Esto no pretende denigrar al capitalismo. Fue, y es, un sistema magnífico para superar la escasez. Al organizar la producción de manera eficiente, y dirigirla a la búsqueda del bienestar y no del poder, sacó a una gran parte del mundo de la pobreza.

Sin embargo, ¿qué le pasa a un sistema así cuando la escasez se convirtió en abundancia? ¿Sigue produciendo más de lo mismo, estimulando apetitos hastiados con nuevos artilugios, entusiasmos y emociones? ¿Cuánto tiempo más puede continuar esto? ¿Nos pasamos el próximo siglo regodeándonos en la trivialidad?

Durante gran parte del siglo pasado, la alternativa al capitalismo era el socialismo. Pero el socialismo, en su forma clásica, falló –como debía suceder-. La producción pública es inferior a la producción privada por un sinnúmero de razones, sobre todo porque destruye la elección y la variedad. Y, desde el colapso del comunismo, no hubo ninguna alternativa coherente para el capitalismo. Más allá del capitalismo, parece ser, se extiende un paisaje de… capitalismo.

Siempre hubo enormes interrogantes morales sobre el capitalismo, que podían dejarse a un lado porque el capitalismo siempre fue exitoso a la hora de generar riqueza. Ahora, cuando ya tenemos toda la riqueza que necesitamos, está bien que nos preguntemos si vale la pena incurrir en los costos del capitalismo.

Adam Smith, por ejemplo, reconoció que la división de la mano de obra volvería más tonta a la gente al robarles las habilidades no especializadas. Sin embargo, pensaba que éste era un precio –posiblemente compensado por la educación- que valía la pena pagar, ya que la ampliación del mercado aumentaba el crecimiento de la riqueza. Esto lo convirtió en un ferviente defensor del libre comercio.

Los apóstoles del libre comercio de hoy defienden el caso más o menos de la misma manera que Adam Smith, ignorando el hecho de que la riqueza se expandió enormemente desde los tiempos de Smith. Suelen admitir que el libre comercio cuesta empleos, pero arguyen que los programas de recapacitación ubicarán a los trabajadores en nuevos empleos, de “mayor valor”. Esto implica decir que aunque los países (o las regiones) ricos ya no necesitan los beneficios del libre comercio, deben seguir padeciendo sus costos.

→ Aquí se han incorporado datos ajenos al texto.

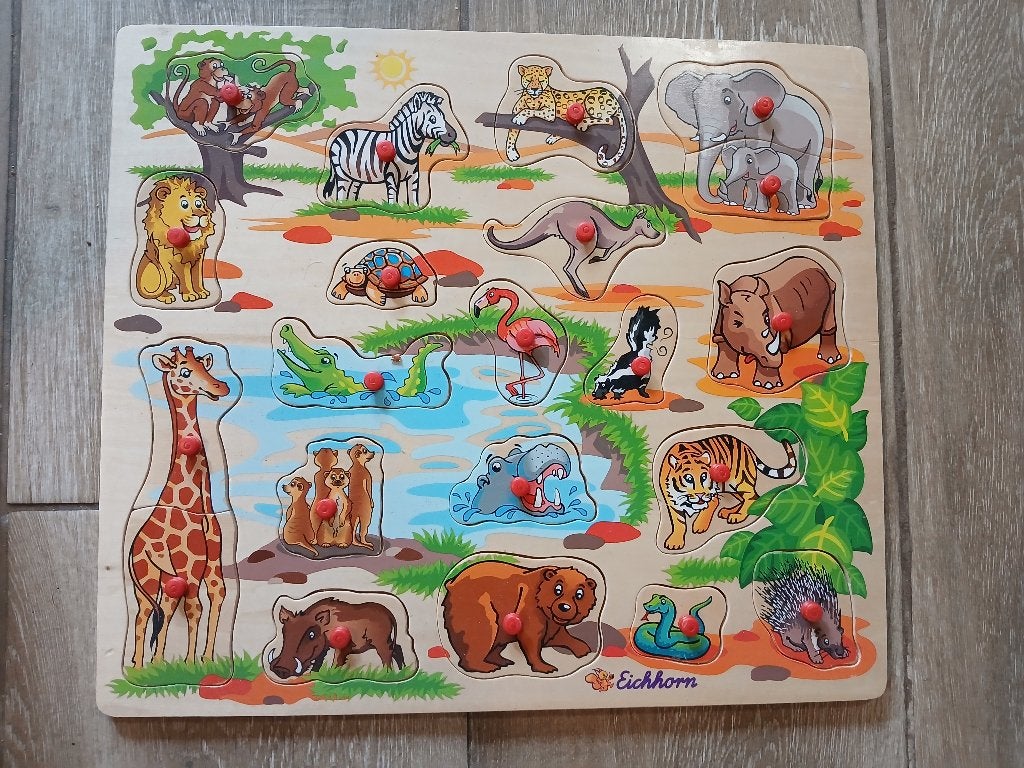 2 houten puzzels, Ophalen of Verzenden, Minder dan 10 stukjes, Gebruikt, 6 maanden tot 2 jaar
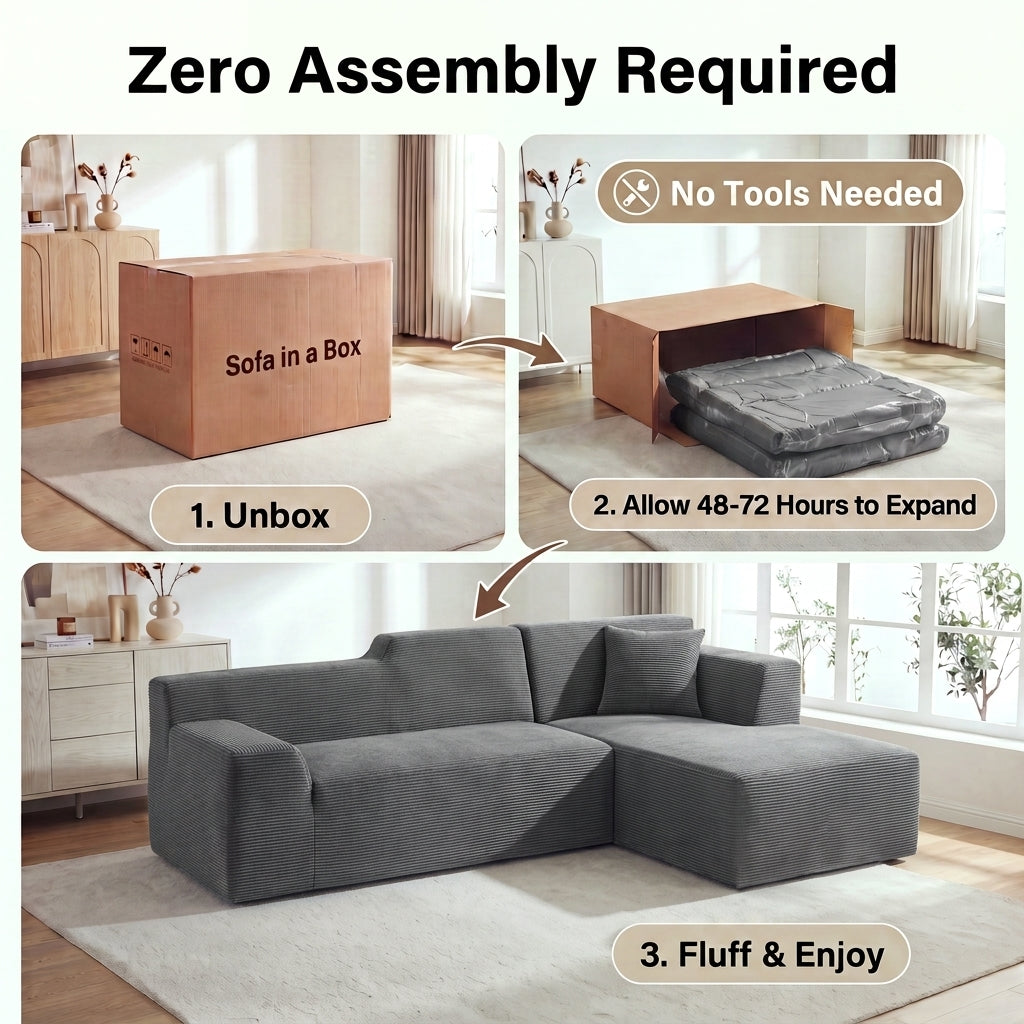 XANDERO 96" Modular Sectional Couch, Corduroy Boneless Sofa,Deep Seat Boneless Couches for Living Room, No Assembly Required, Right Facing Chaise, Gray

Los defensores del sistema actual responden: les dejamos esas elecciones a los individuos para que ellos decidan por sí mismos. Si la gente quiere bajarse de la cinta transportadora, es libre de hacerlo. Y, de hecho, cada vez son más los que “desertan”. La democracia, también, implica libertad para poner fin al mandato del capitalismo.

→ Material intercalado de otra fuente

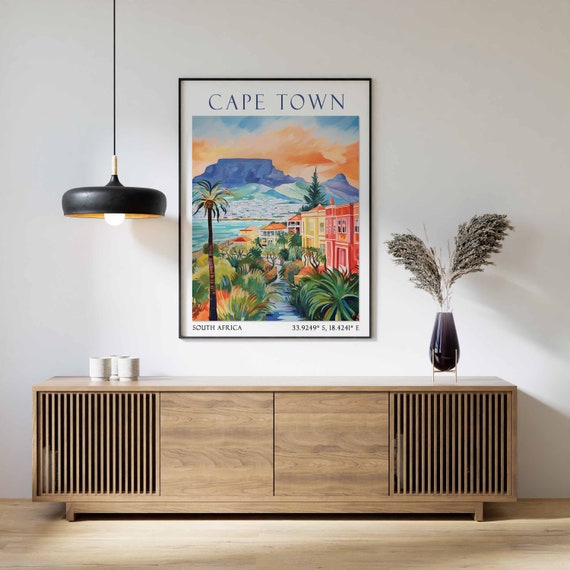 Cape Town Travel Print, Cape Town Travel Poster, South Africa Wall Art, Table Mountain Art, Vintage Cape Town Poster, Vintage Travel Decor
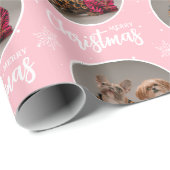 Custom Pink Merry Christmas One Circle Photo Geschenkpapier (Rolleneckpunkt)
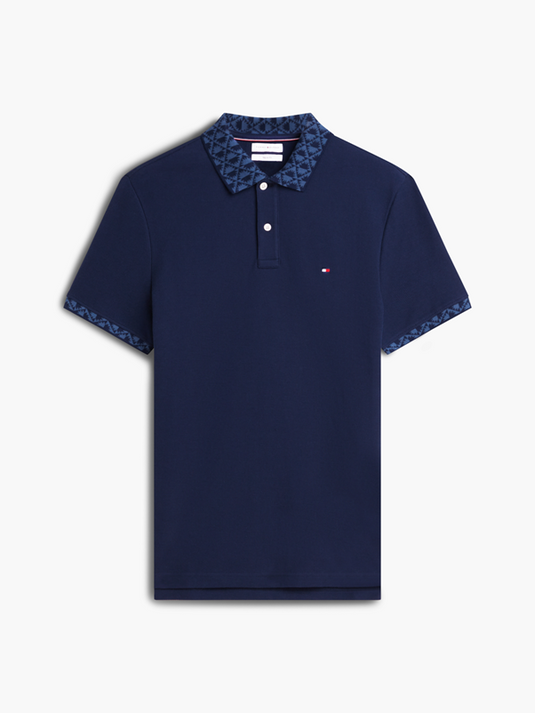 Tommy Hilfiger Mens Regular Fit Jacquard Collar Structured Polo Shirt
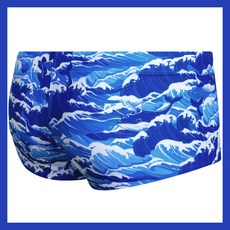 커플 여행 예쁜수영복 고급소재 수영복 브랜드jkuss 바다블루 웨이브 파도스톰 남성 숏사각 강습수영복 남친 수영장 쇼터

Esta respuesta es fuerte pero ingenua. La gente no forma sus preferencias en una situación de aislamiento. Sus elecciones están enmarcadas por la cultura dominante de sus sociedades. ¿Se supone realmente que la constante presión para consumir no tiene ningún efecto en las preferencias? Prohibimos la pornografía y restringimos la violencia en televisión, con la idea de que afectan a la gente de manera negativa; sin embargo, ¿deberíamos creer que una publicidad irrestricta de bienes de consumo afecta sólo la distribución de la demanda, pero no el total?

Los defensores del capitalismo a veces sostienen que el espíritu de adquisividad está tan arraigado en la naturaleza humana que nada lo puede desplazar. Pero la naturaleza humana es un manojo de pasiones y posibilidades en conflicto. Siempre fue la función de la cultura (incluida la religión) la de fomentar algunas y limitar la expresión de otras.

De hecho, el “espíritu del capitalismo” se metió en los asuntos humanos bastante tarde en la historia. Antes de eso, los mercados para comprar y vender estaban plagados de restricciones legales y morales. Una persona que dedicaba su vida a hacer dinero no era vista como un buen modelo a seguir. La ambición, la avaricia y la envidia estaban entre los pecados mortales. La usura (hacer dinero del dinero) era una ofensa contra Dios.

Recién en el siglo XVIII la ambición se volvió moralmente respetable. Ahora se consideraba saludablemente prometeano transformar la riqueza en dinero y ponerlo a trabajar para ganar más dinero, porque al hacerlo uno estaba beneficiando a la humanidad.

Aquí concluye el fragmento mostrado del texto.